§ **WHAT YOU WILL DO**
Although the data below contains pictures, please reproduce only its words, exactly.

§ **SOURCE RECORDS**
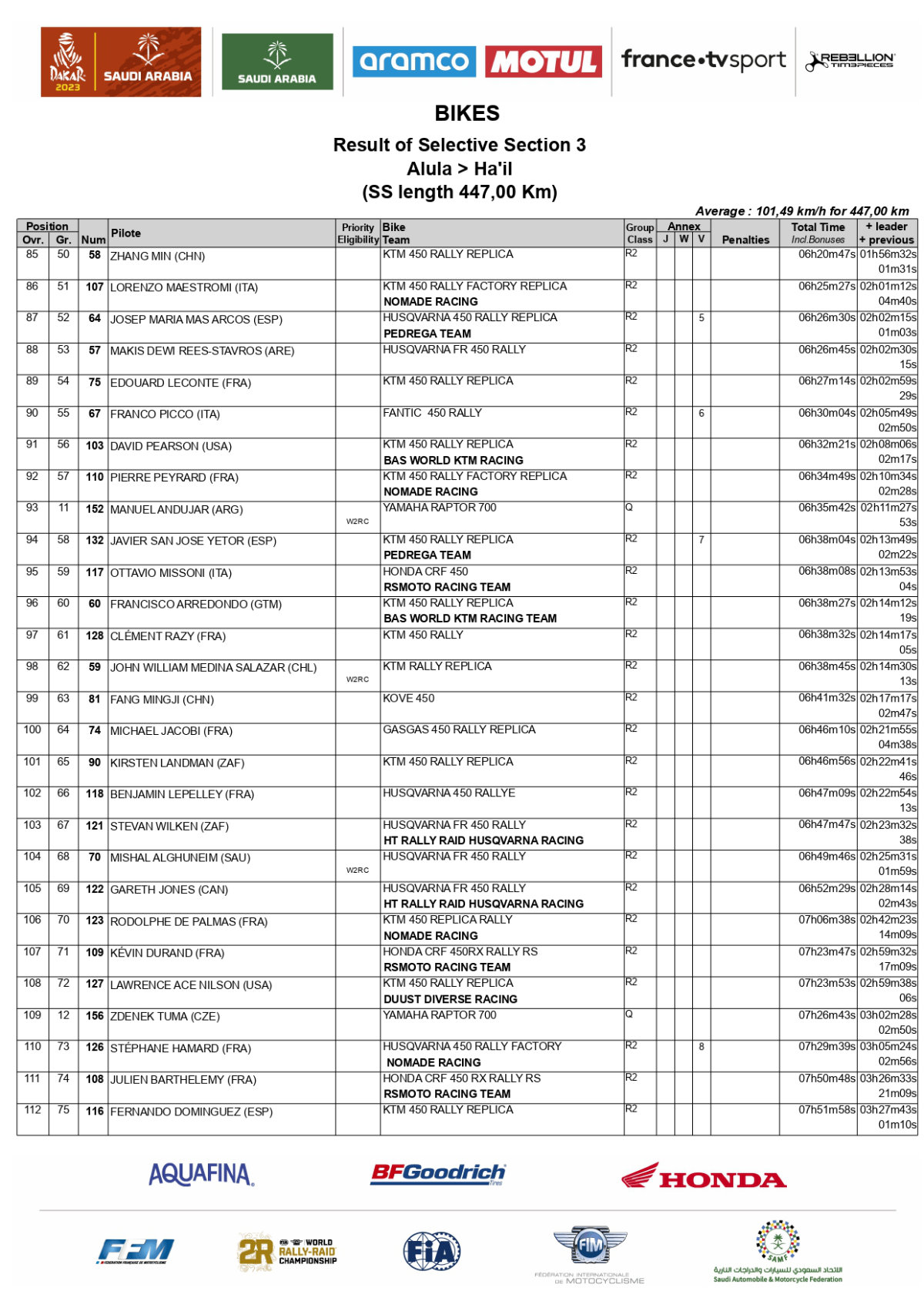 2023-dakar-rally-stage-3-results_page-0004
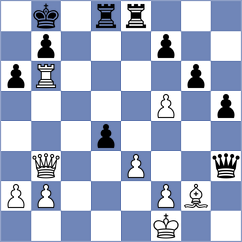 Borgaonkar - Vasynda (chess.com INT, 2025)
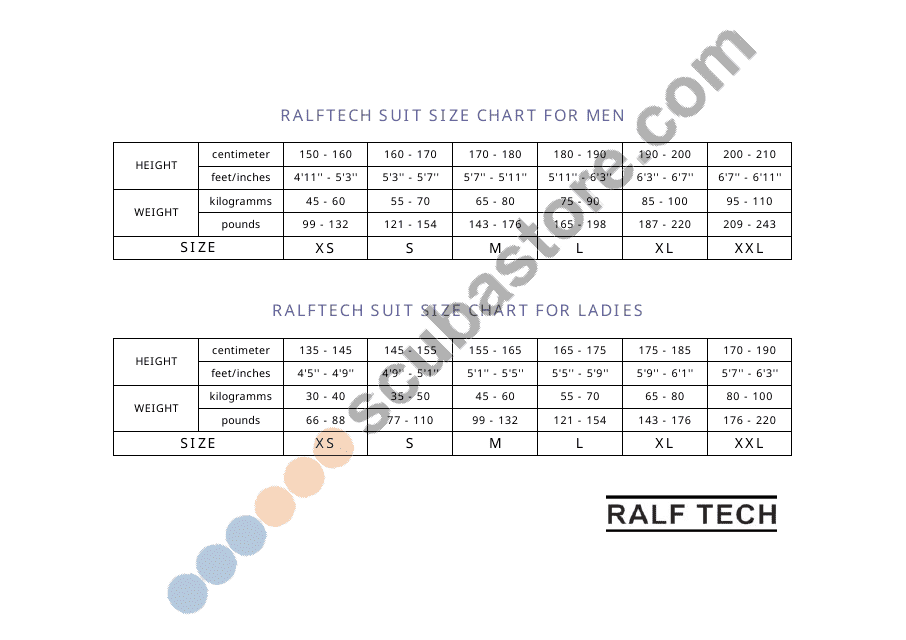 Scuba Suit Size Chart - Ralf Tech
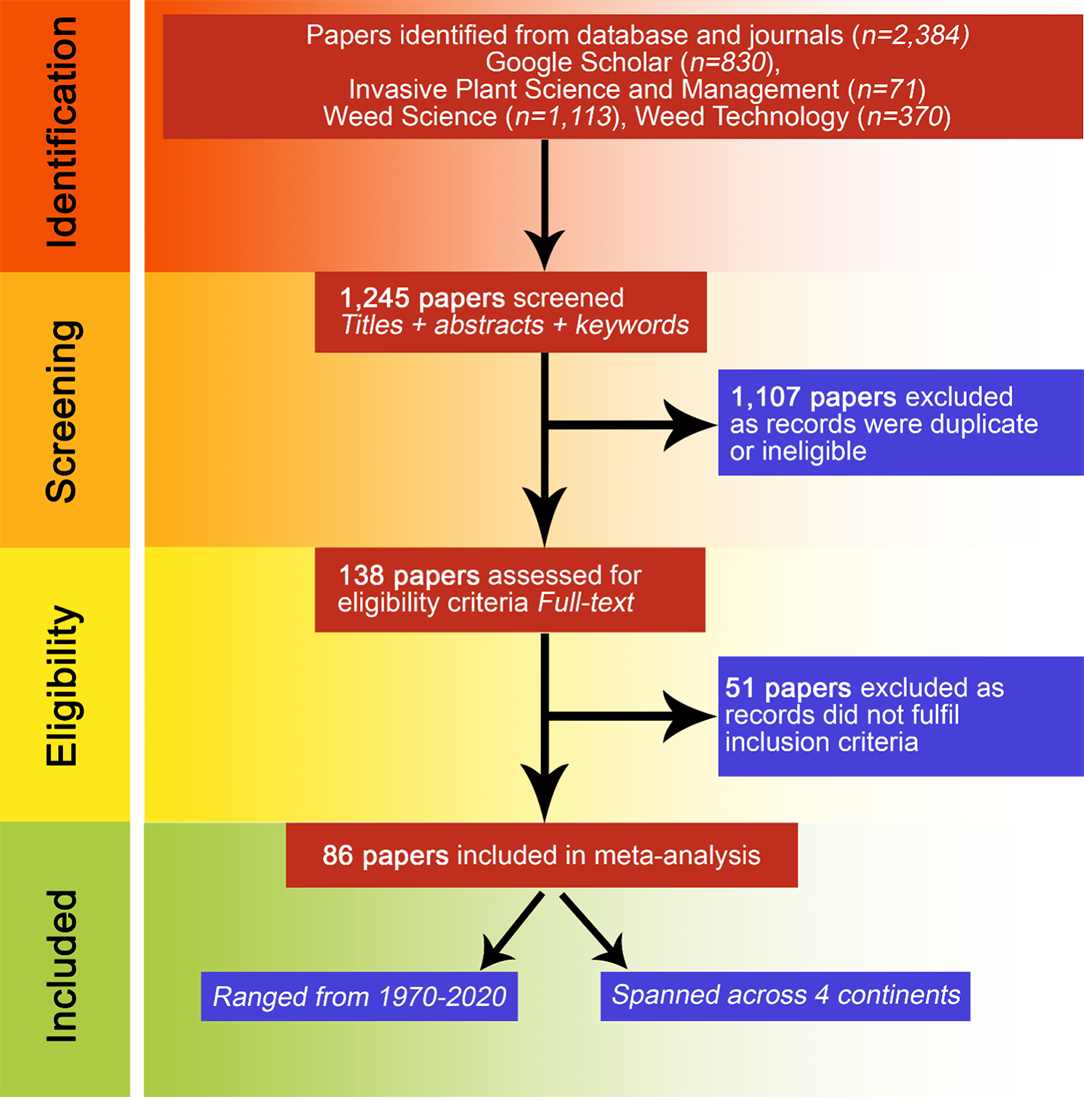 2023-06-16-drought-effect-weeds-figure-1.png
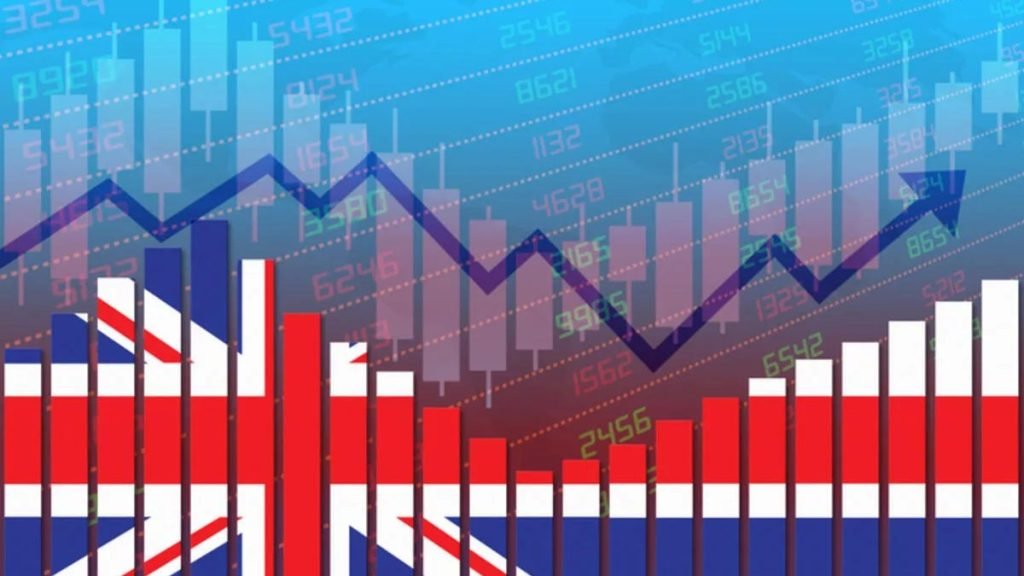 UK inflation at forty-year high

§ **THE COMPLETED TASK**
 2023-dakar-rally-stage-3-results_page-0004
 Borgaonkar - Vasynda (chess.com INT, 2025)
 Scuba Suit Size Chart - Ralf Tech
 2023-06-16-drought-effect-weeds-figure-1.png
 UK inflation at forty-year high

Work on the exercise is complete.